In this article, you will learn how to use a DC motor through a series of three projects.
Here's the project outcomes:
- Project 1: connect the motors to the Arduino via the motor driver module, and make them spin in a single direction.
- Project 2: use a potentiometer to control the direction of rotation and speed of the motors.
- Project 3: use an ultrasonic sensor to control the rotational speed the motors.
Before we get into the projects, I want do a quick introduction to motors, and specifically to discuss the kinds of motors you can use in your projects.
Types of motors
The most common type of motor is the DC (Direct Current) motor. DC motors are low cost devices that work by connecting two wires to positive and negative voltage. Once you connect them to power, the rotor will turn. The direction of the rotor spin depends on the polarity of the connection. To reverse the direction of the spin, just switch the electrical connections.
All electrical motors work by taking advantage of the forces generated by a magnet (permanent or temporary electromagnet) and the electric field generated by electrical current as it travels through a coil. (Here is the source of the schematic below).
The DC motor can spin very quickly, which often is not what we want in our applications. For example, if you are building mechanism that opens the shutters of a window, you would like the shutter to open slowly to avoid damaging it. A DC motor on its own would try to get to full speed immediately. So, in most cases people attach a gear box to the motor. The gear box will convert high rotational spin from the shaft of the motor to lower rotational speed but higher torque so that large loads can be moved.
Another common type of motor is the stepper motor.
A stepper motor operates by moving the motor rotor in steps, hence the name. I have written a dedicated article on stepper motors.
While the DC motor will move continuously as long as there is power, a stepper motor will move by one step when an appropriate signal is send via a wire, and then stop. Additional signals are needed for the rotor to move further. The size of each step (measured in degrees) depends on the mechanical characteristics of the motor as well as the characteristics of the electronic signals it receives on its coils.
For applications where you need fine control and small movements, a stepper motor is a good choice. For example, they are used in 3-D printers, where milli-meter accuracy is needed.
Stepper motors tend to be bulkier and more expensive then DC motors. They contain multiple coils and more complicated mechanical components, and that is reflected in their cost. The electronics needed to control stepper motors are also more complicated compared to DC motor controllers.

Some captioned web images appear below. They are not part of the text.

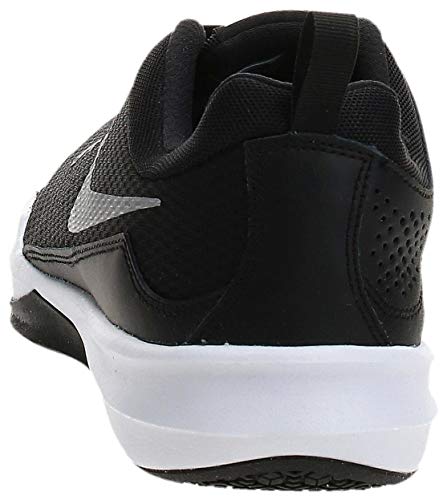 Nike Legend Trainer, Zapatillas de Deporte Hombre, Negro (Black/Metallic Silver/White 001), 44 EU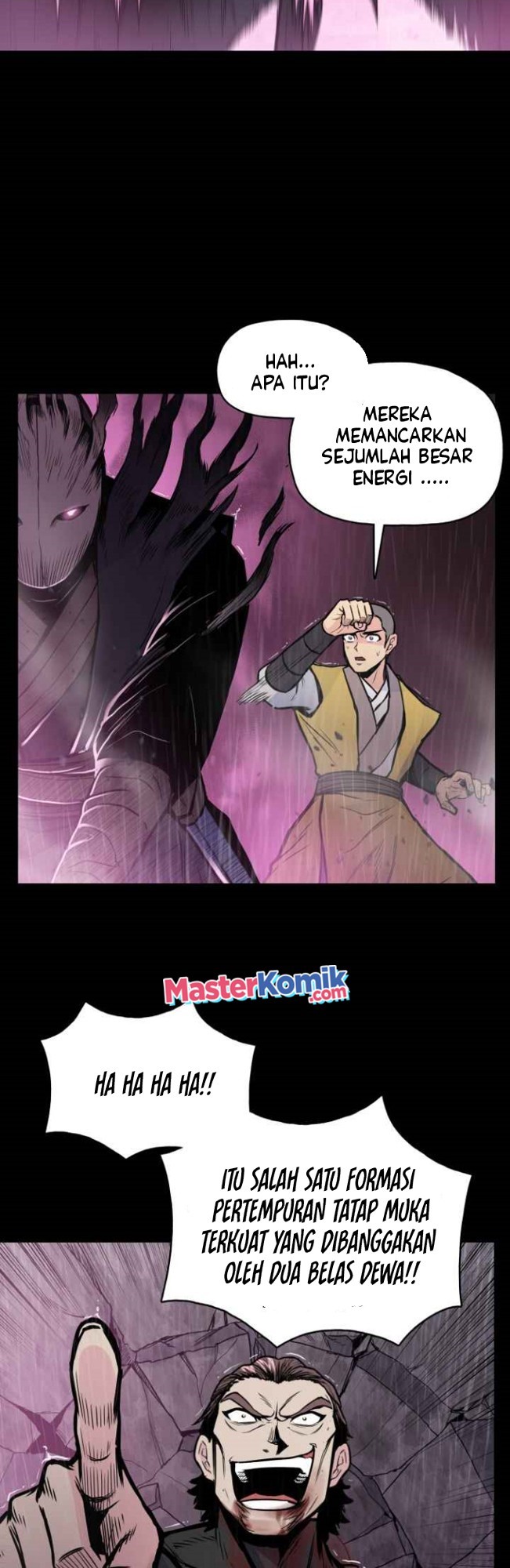Reincarnated War God chapter 49 halaman 29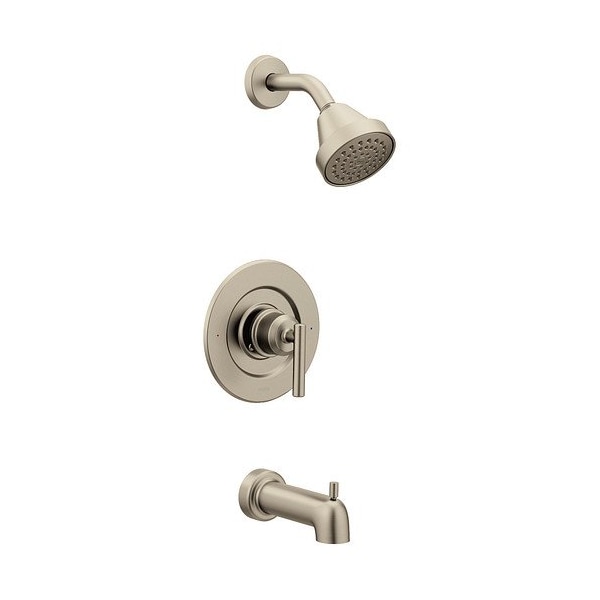 Posi-Temp(R) Tub/Shower Brushed Nickel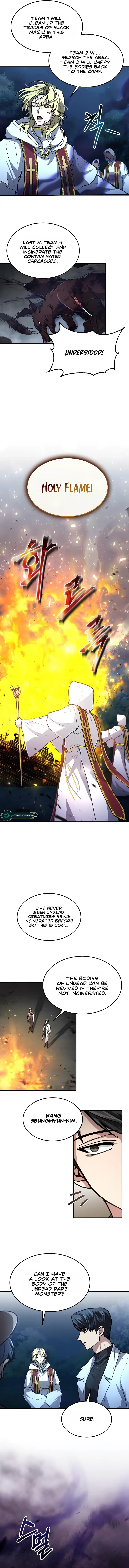 How to Live as an Illegal Healer chapter 18 page 5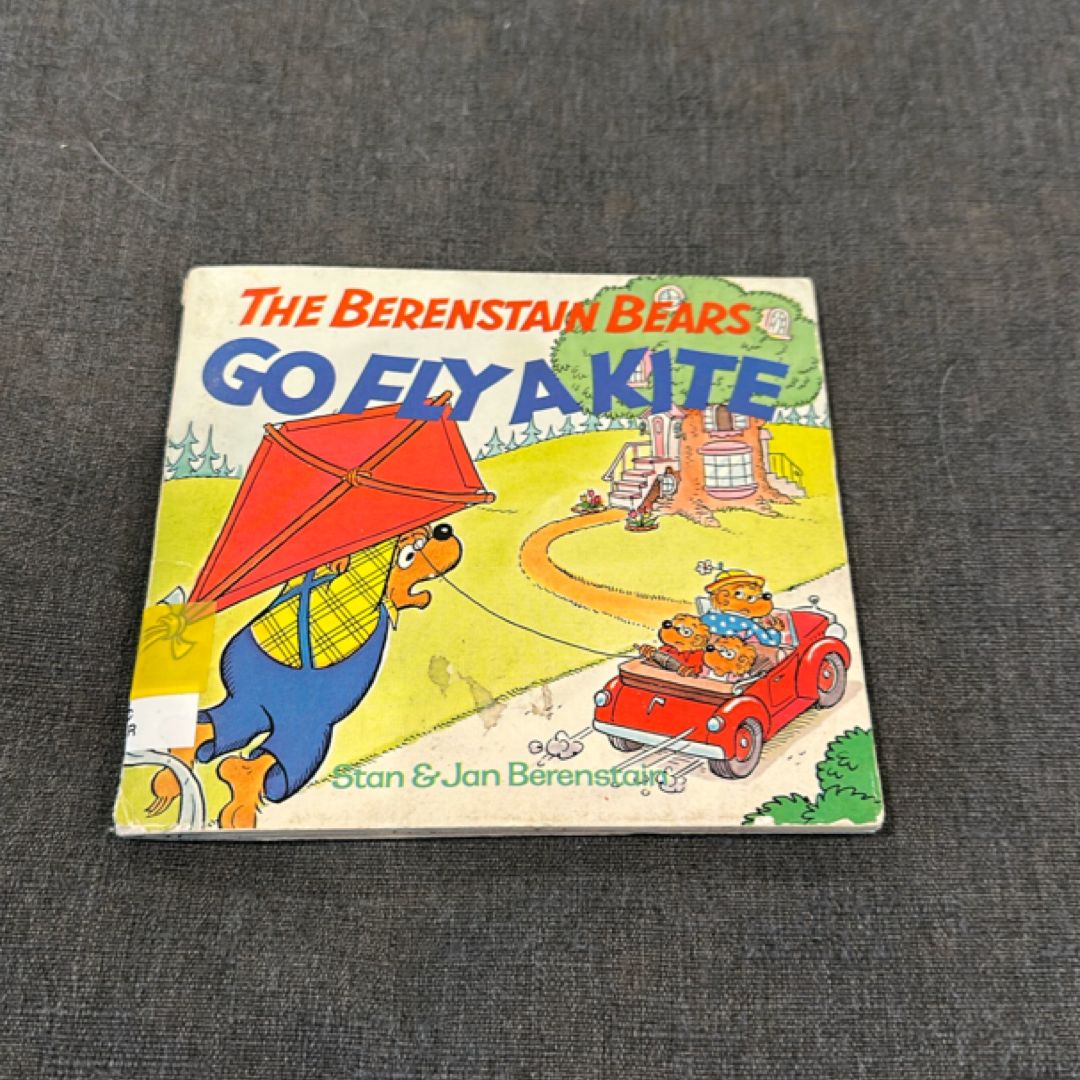 The Berenstain Bears Go Fly a Kite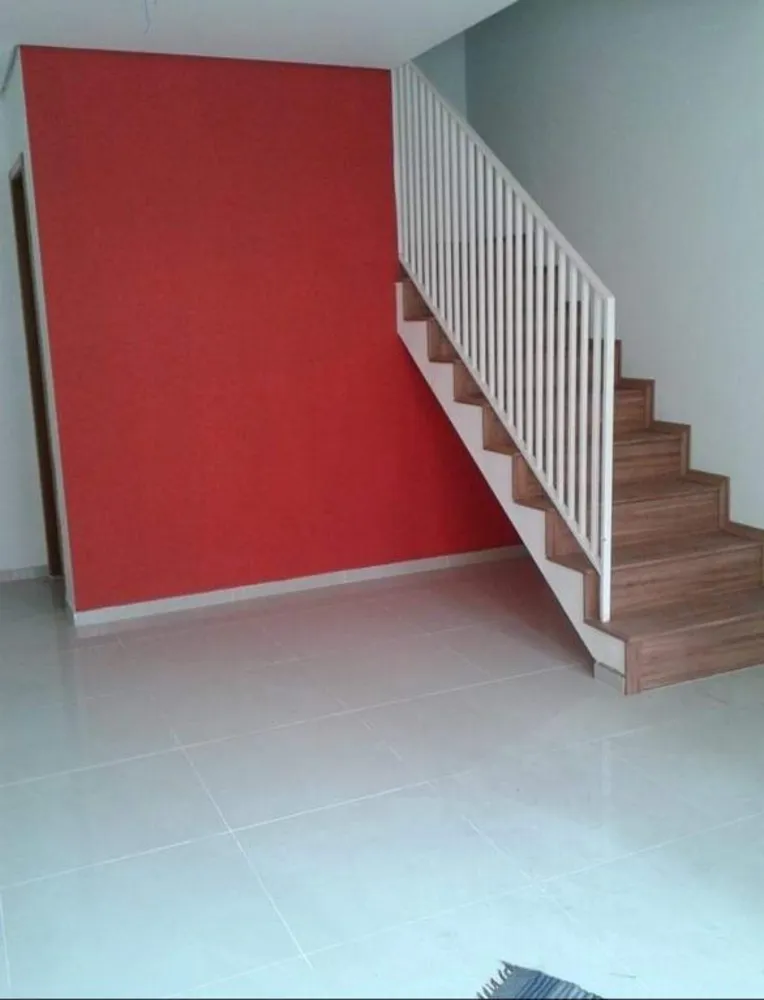 Sobrado, 2 quartos, 84 m² - Foto 1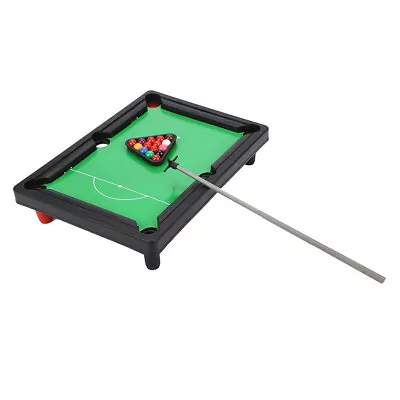 Mini Pool Table Billiard Table Portable For Praty For Family Playing • $22.73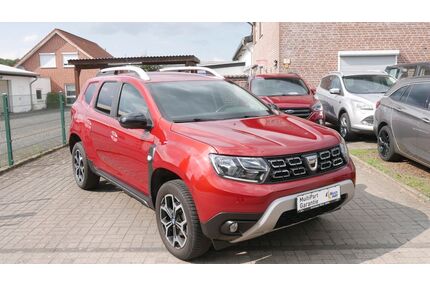 Dacia Duster Gebrauchtwagen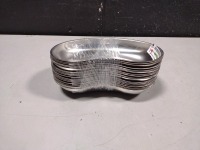 LOT OF BASINS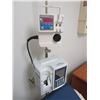 Image 3 : Hill Rom Centra Patient Bed w/Monitors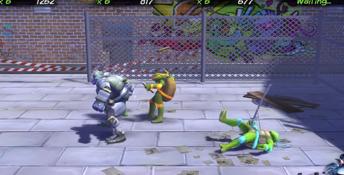 Teenage Mutant Ninja Turtles: Turtles In Time Re-Shelled PC Screenshot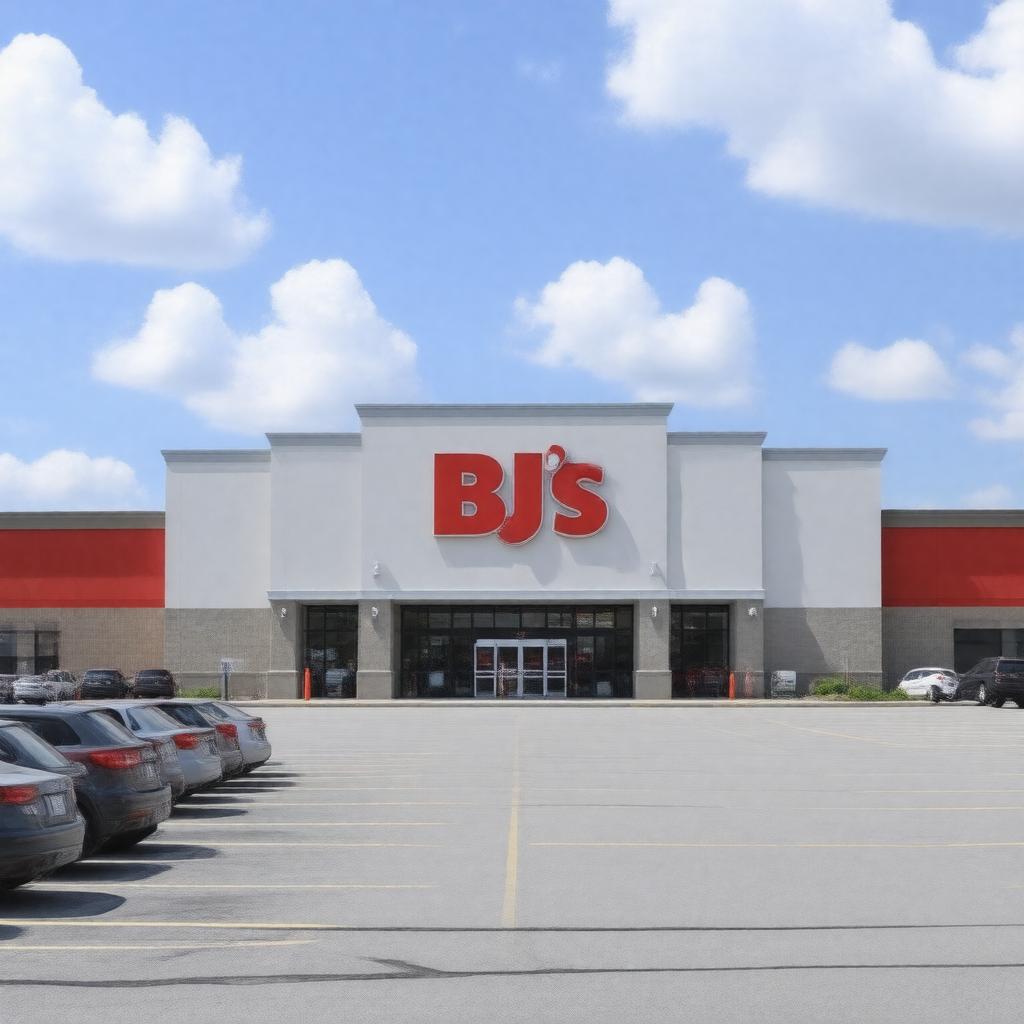 AI-created image of BJ's Wholesale Club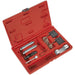 Diesel Engine Timing Tool Kit -BELT DRIVE- For VW VAG Volkswagen 2.5 V6 Camshaft Loops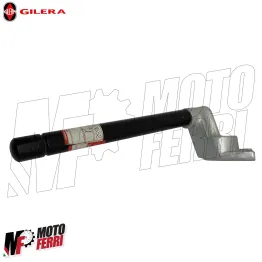 Semimanubrio Lato Sinistro SX Originale Gilera MXR / MX1 125cc - cod  343532 2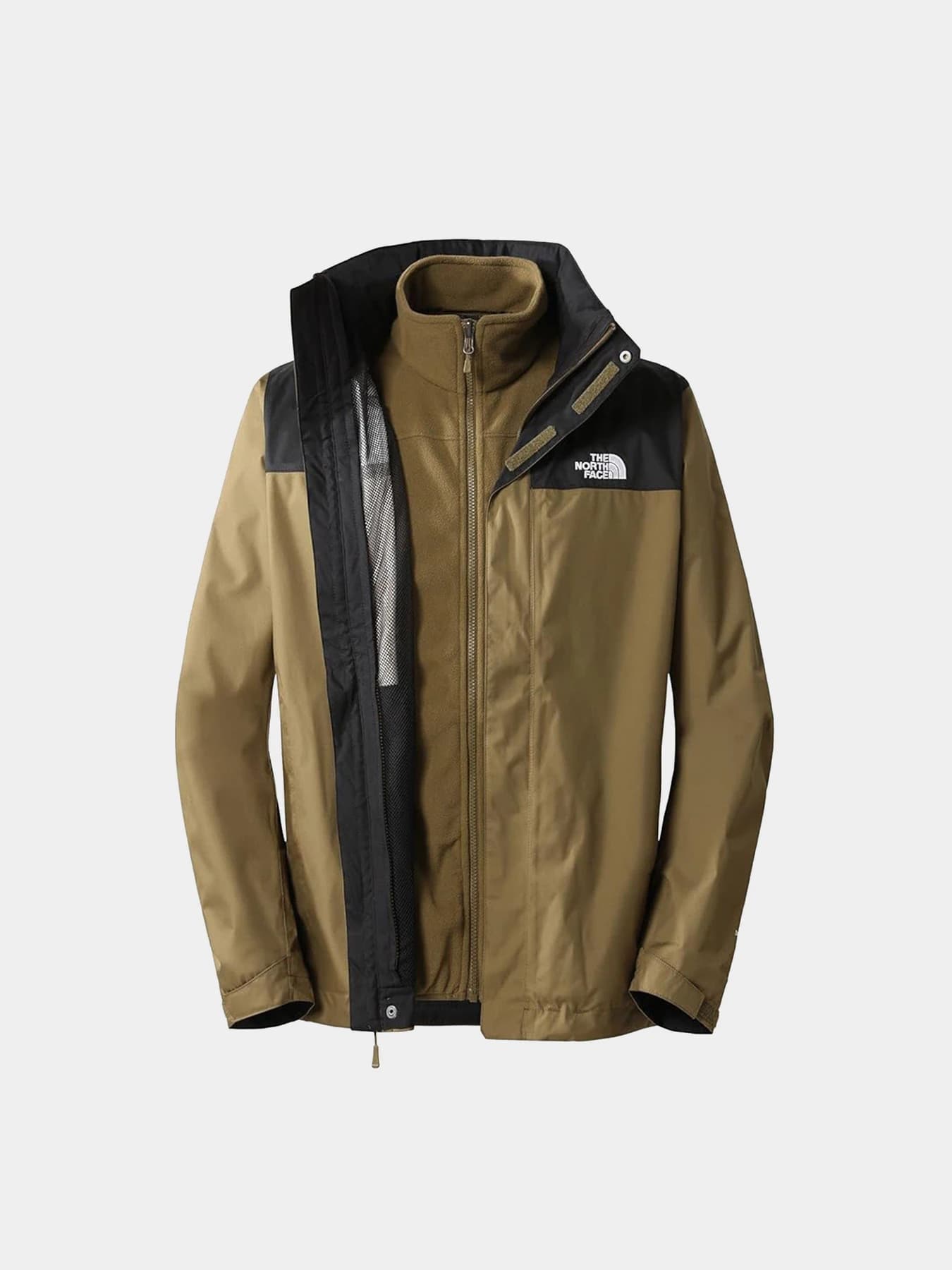 Куртки и дубленки The North Face модель NF00CG555HO1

A common problem with stepper motors is that in certain situations (usually under high load), there is a mismatch between the signal that the motor controller is sending and the actual mechanical movement that the motor produces. In simple words, the rotor may “miss” steps and the controller will never know because usually there is no feedback mechanism to track and confirm movement.
A servo motor is designed to remedy this problem. A servo motor contains a DC motor, a gear box, and a position feedback mechanism. This mechanism can convert a simple DC motor into an a motor that can achieve precision movement with the ability to report its position to its controller circuit. Servo motors are used extensively in robotics, manufacturing automation systems, and high-end toys.
Now that you have a better understanding of motors, time to roll up your sleves and work on Project 1.
If you would like to learn how to use DC motors with your Arduino, consider enrolling to Arduino Step by Step Getting Serious.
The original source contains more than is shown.